Plotly express is a simplified version of the Plotly interface for Python that allows users to create many types of Plotly figures with single lines of code.  This greatly simplifies the workflow for some kinds of Plotly figures.  We will start with Plotly express (and for some of your use cases, that may be enough), but we will move on to full blown Plotly for the rest of this workshop.

In this plot, I will show total vaccinations vs. GDP with the point size scaled by the total cumulative COVID-19 cases.  

In [None]:
# Note: We imported plotly.express as px
# I will create a simple scatter plot using the DataFrame I created above, 
# x will be the total vaccinations per 100 people
# y will be the 2020 GDP, and since it spans a very wide range in values, I will plot y in the log
fig = px.scatter(dfJoinedCOVID, x = 'TOTAL_VACCINATIONS_PER100', y = '2020', log_y = True)
fig.show()

There are a lot of options that you can apply to a plotly express scatter plot (e.g., see [here](https://plotly.com/python/line-and-scatter/)).  I will do the following:
- size each data point by the number of COVID-19 cases.
- add a trend line (A nice part of plotly express is that you can add a trend line very easily.)

In [None]:
# The sizes will behave better if I set a minimum value (using np.clip)
# I also want to remove any nan values
size =  np.clip(np.nan_to_num(dfJoinedCOVID['Cases - cumulative total per 100000 population']/500.), 5, None)

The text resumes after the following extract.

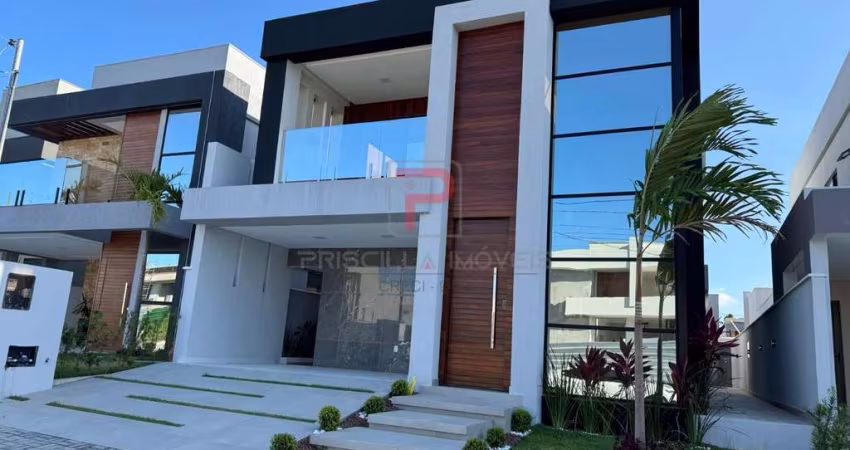 Casa com Piscina em condomínio fechado - PRONTA PARA MORAR! Em João Pessoa - PB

fig = px.scatter(dfJoinedCOVID, x = 'TOTAL_VACCINATIONS_PER100', y = '2020', log_y = True, 
    size = size,
    trendline = 'ols', trendline_options = dict(log_y = True)
)
fig.show()

Lets also plot the first vaccination start date vs. GDP, with the size based on the total vaccionations.  In this example, I will also modify the hover and axis attributes.

In [None]:
# The command is similar to that from the previous cell, but here I'm also defining the data shown on hover in the tooltips.
# (It's not quite as easy to add a trendline here when plotting dates, though it is possible.)

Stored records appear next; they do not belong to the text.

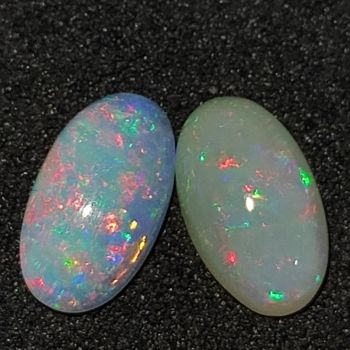 Opalas lapidada forma oval 0,55 cts 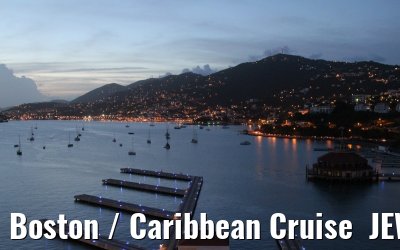 Boston / Caribbean Cruise  JEWEL OF THE SEAS - Florida - October / November 2010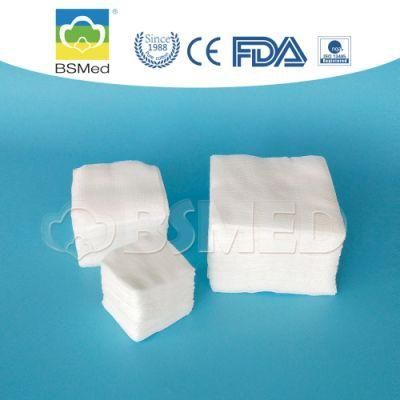 100% Cotton Medical Absorbent Sterile Gauze Swabs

size = np.clip(np.nan_to_num(dfJoinedCOVID['TOTAL_VACCINATIONS_PER100']),5,None)

fig = px.scatter(dfJoinedCOVID, x = 'START_DATE', y = '2020', log_y = True, 
    size = size,
    hover_name = 'COUNTRY', 
    hover_data = ['2020', 
      'START_DATE', 
      'TOTAL_VACCINATIONS_PER100',
      'Cases - cumulative total per 100000 population'
    ]
)

# a few manipulations to the axes 
fig.update_xaxes(title = 'Vaccine Start Date', range = [np.datetime64('2020-07-01'), np.datetime64('2021-07-01')])
fig.update_yaxes(title = '2020 GDP (USD)')

fig.show()

As an alternative example, let's also [create a histogram using plotly express](https://plotly.com/python/histograms/).

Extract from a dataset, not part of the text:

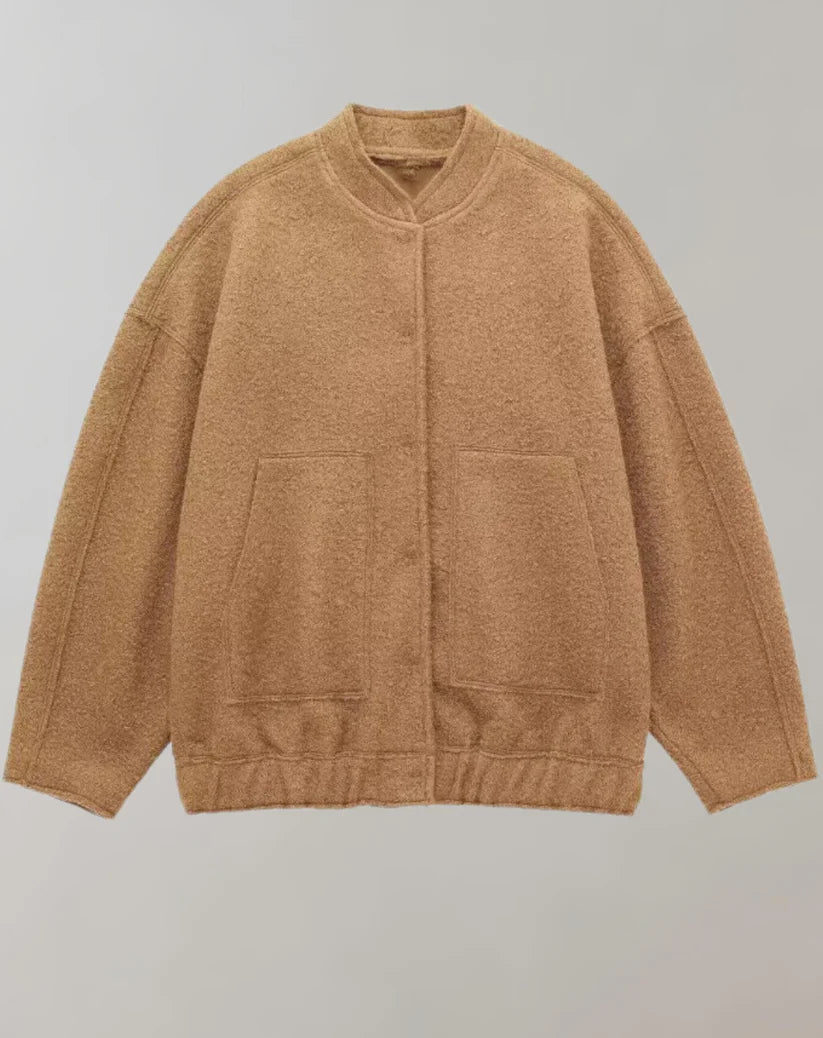Oversized Bomberjack | Juline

I will plot a histogram of all the total vaccinations per 100 people, separated (colored) by vaccination name.

*Note that this automatically comes with an interactive legend.*

In [None]:
fig = px.histogram(dfJoinedCOVID.fillna('None'), x = 'TOTAL_VACCINATIONS_PER100', nbins = 20, 
                   color = 'VACCINE_NAME', barmode = 'stack')
fig.show()

### *Exercise 1: Create your own plot using Plotly express.*

Use the data we read in above (or your own data).  You can start with one of the commands above or choose a different style of plot.  Whichever format you use, choose different columns to plot than above.  Try to also add a new option to the command to change the plot.  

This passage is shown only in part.